If an active check is undesirable or impossible for some reason, a passive check will allow you to track the check status.

    {
      "name": "passive check of service A",
      "type": "passive",
      "timeout": "5m"
    }

Check refresh requests should be a GET request to the endpoint `http://checker/check/ping/<check uuid>`.
A list of all UUIDs can be obtained with a GET request to the endpoint http://checker/listChecks, or with the CLI command `checker list`.
To get the list via WEB, JWT authorization is required, [see](#web-api):

  curl -H "Authorization: <token>" http://checker/listChecks

importing services from Consul

// TODO describe consul_catalog

Metrics

Metrics in prometheus format are published at the / metrics endpoint.

The sched_ * metrics reflect the work of the internal scheduling cycle.

Metrics ʻalerts_by_event_type` - statistics on alerts in the context of various events.

Metrics ʻevents_by_ * `- statistics on events in the context of various projects and audits.

Metrics check_duration - statistics on the execution time of checks.

Web API

Some web endpoints require JWT authorization. JWT token is generated using the CLI command checker gentoken. The token generated using encryption key specified in defaults.token_encryption_key configuration parameter, or using ENV variable (ENV has higher priority). Hashicorp Vault also supported.
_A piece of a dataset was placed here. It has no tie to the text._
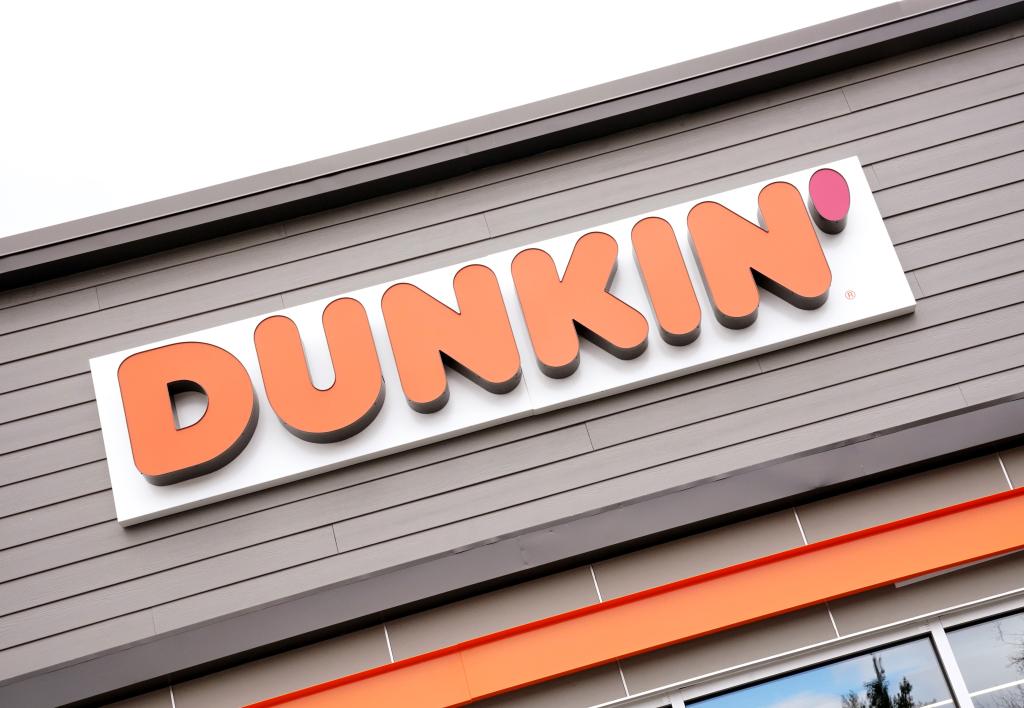 A general view of a Dunkin' sign in Midland Park, NJ on October 31, 2023. (Photo/Christopher Sadowski)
Test token for example config in docs/examples/google.yaml is: eyJhbGciOiJIUzI1NiIsInR5cCI6IkpXVCJ9.eyJqdGkiOiJPaTNvb3hpZTRhaWtlaW1vb3pvOEVnYWk2YWl6OXBvaCIsImF1ZCI6ImFkbWluIn0.MhkG4ox_-OeVSrn9yexLjpMJoYLAhiROySByiUnq2Nk

/check/ping/<check-uuid> - update passive check status

/check/status/<check-uuid> - request the check status /check/fire/<check-uuid> - execute the check and return result

/listChecks - returns all checks defined (require auth).

Project: google
	Healthcheck: tcp_test
		Name:
		UUID: 271099c2-fd93-5d39-9d58-de0a733921bb (mode loud)
	Healthcheck: http checks
		Name:
		UUID: 654f00b3-b182-5cc7-bc8b-c61626a78314 (mode loud)

/alert - webhook to fire alerts from other sources. Method POST, accepts json payload:

{"project":"my_cool_project", "text":"critical testalert", "severity":"info"}

/healthcheck - own healthcheck url. Returns code 200 and text 'Ok!' if works as expected.

/metrics - prometheus format metrics. Please note security concerns, because Prometheus does not allow custom headers in scrape configs.